Data extract
**********

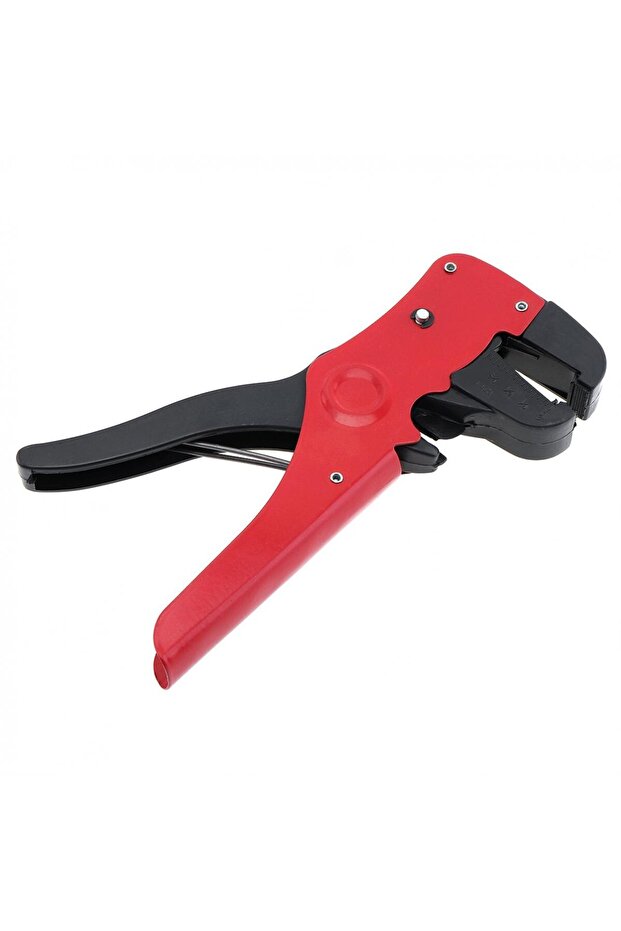 1PCs Plastic Steel Portable Multifunctional Duckbill Wire Strippers, Reset Spring Cable Crimper Conv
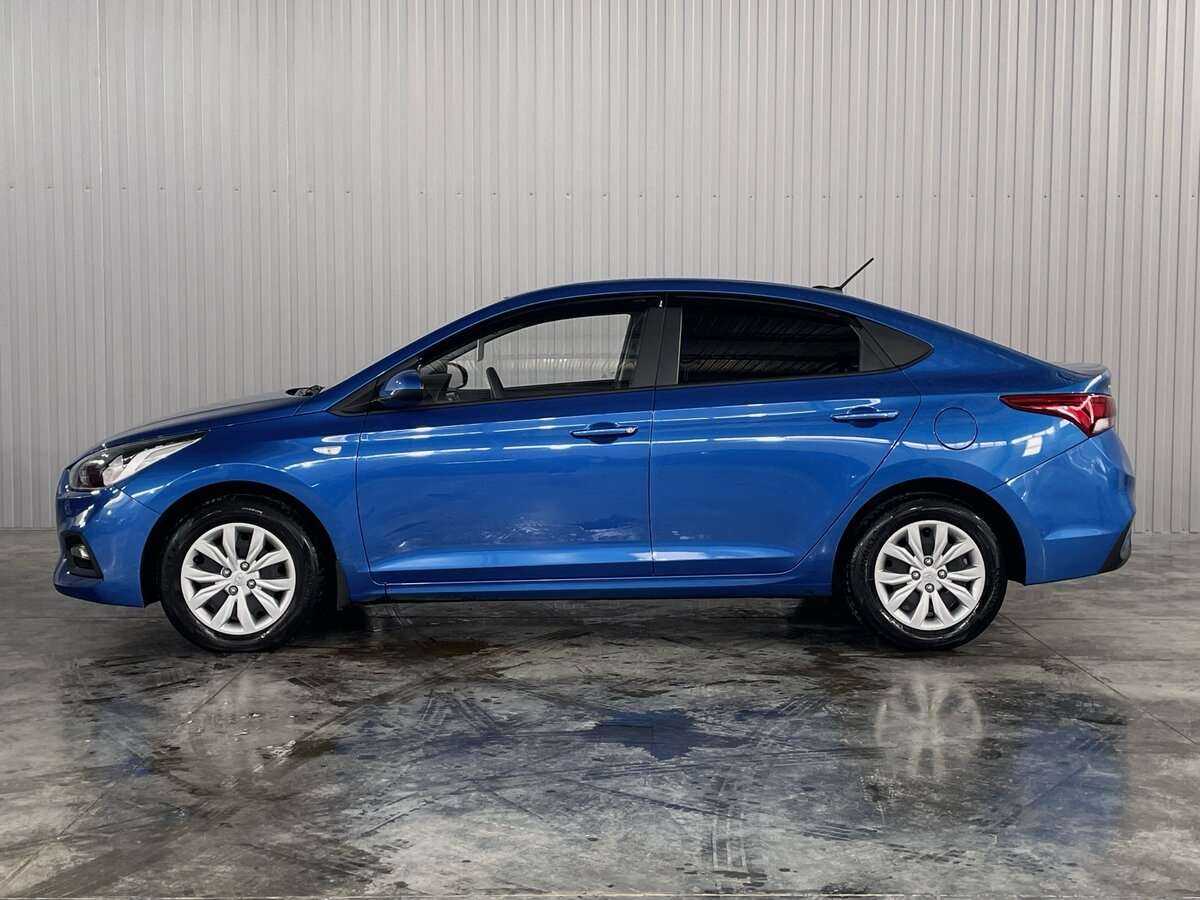 Hyundai Solaris 2020 года с пробегом. Фото: #7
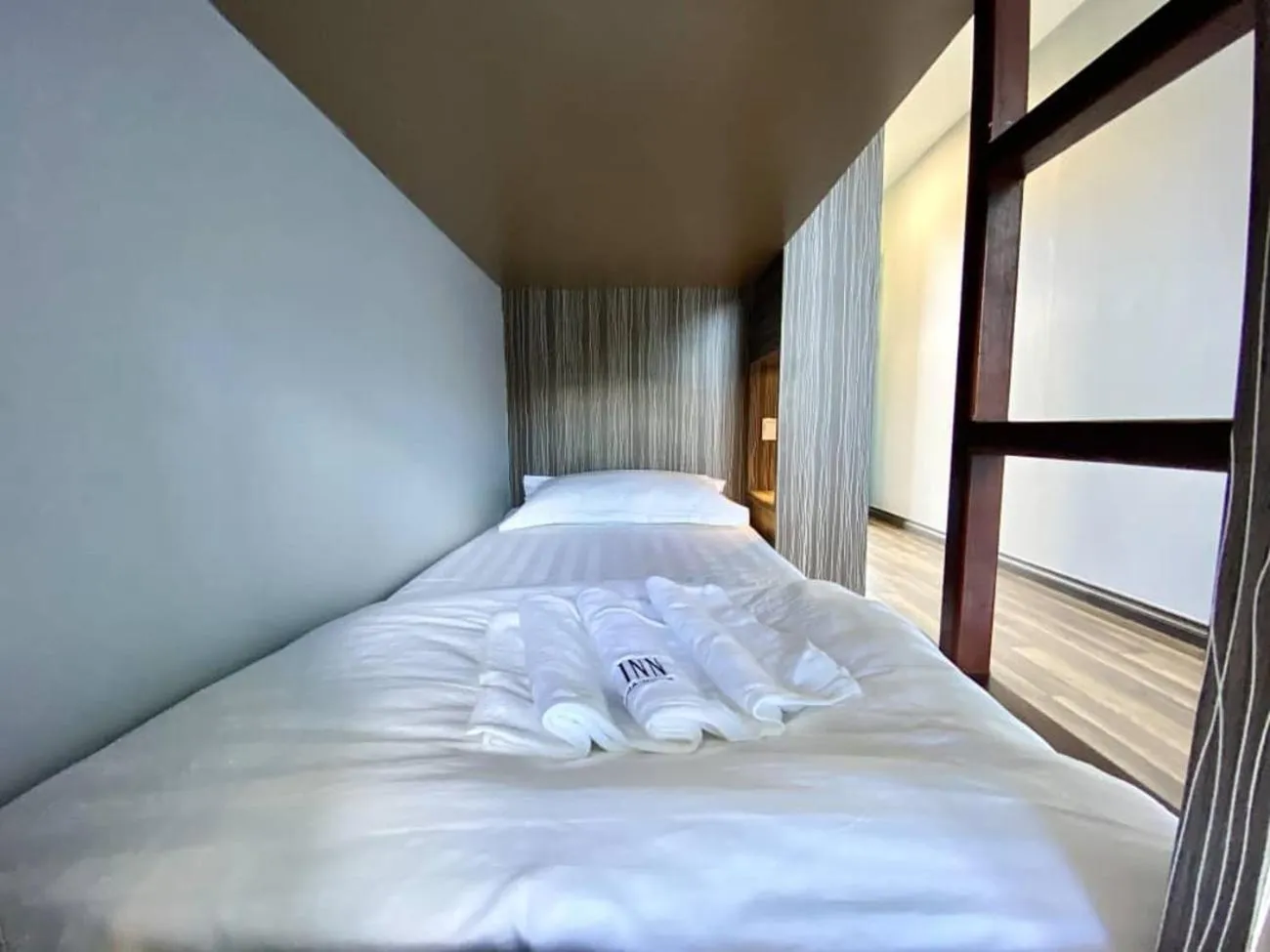 Bedroom, Bed in Boxinn The Kontena Home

**********

Task directions
Strip the images and return the remaining data exactly.

Response area
 1PCs Plastic Steel Portable Multifunctional Duckbill Wire Strippers, Reset Spring Cable Crimper Conv
 Hyundai Solaris 2020 года с пробегом. Фото: #7
 Bedroom, Bed in Boxinn The Kontena Home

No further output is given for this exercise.